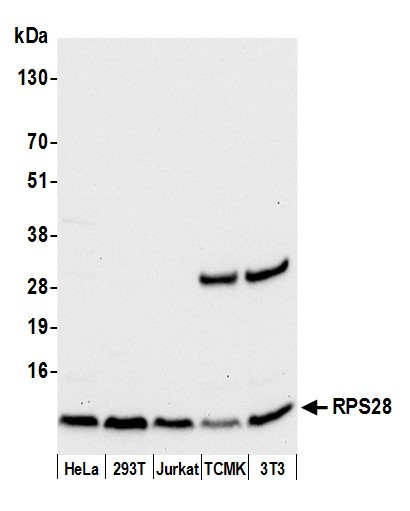 RPS28/Ribosomal Protein S28 Antibody in Western Blot (WB)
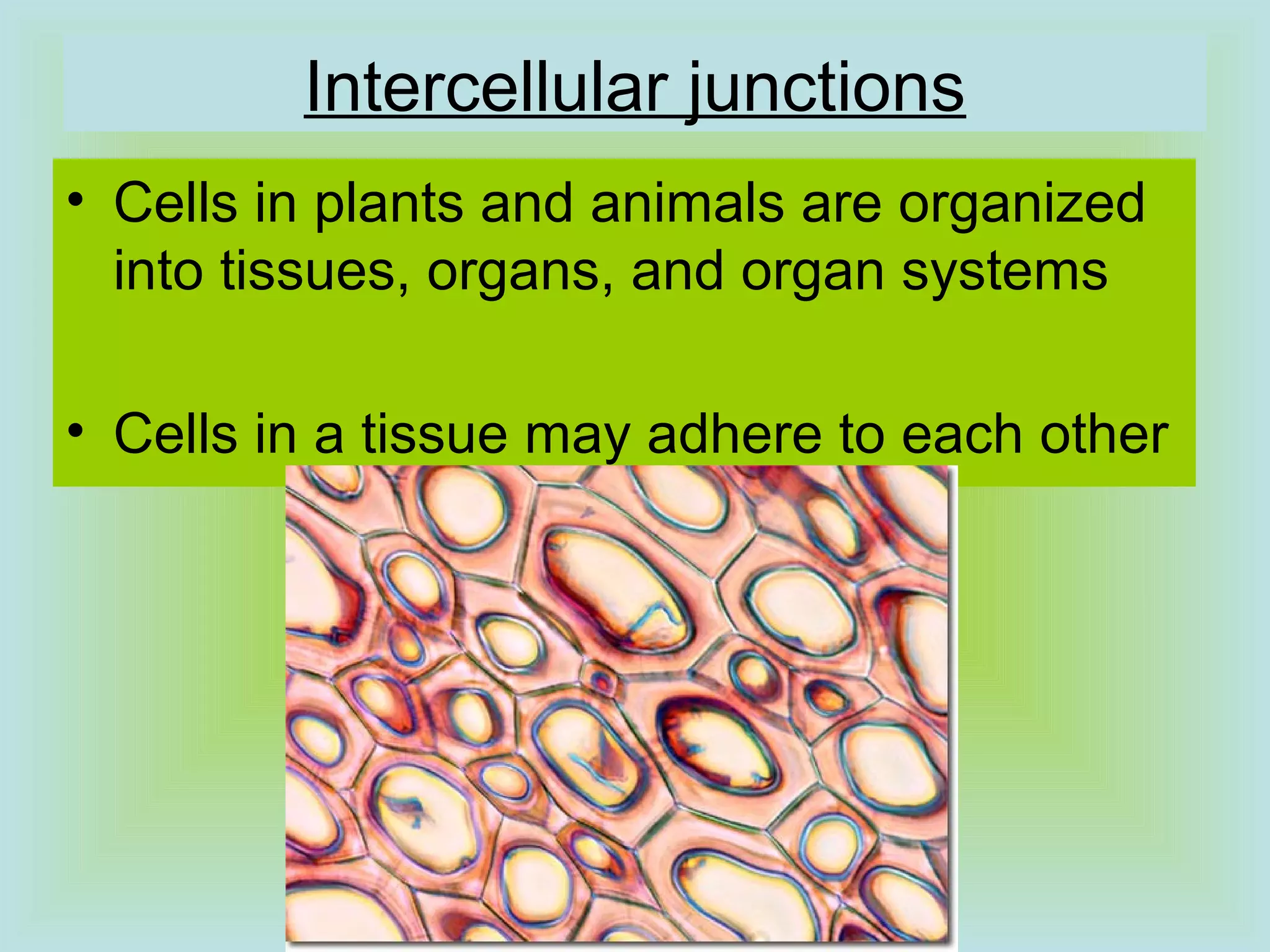 Intercellular junctions
• Cells in plants and animals are organized
into tissues, organs, and organ systems
• Cells in a tissue may adhere to each other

What is needed: What needs duplicating is the run of lines from the one containing "into tissues, organs, and organ systems" through the last line of the entries above, exact and complete.

Task answer:
into tissues, organs, and organ systems
• Cells in a tissue may adhere to each other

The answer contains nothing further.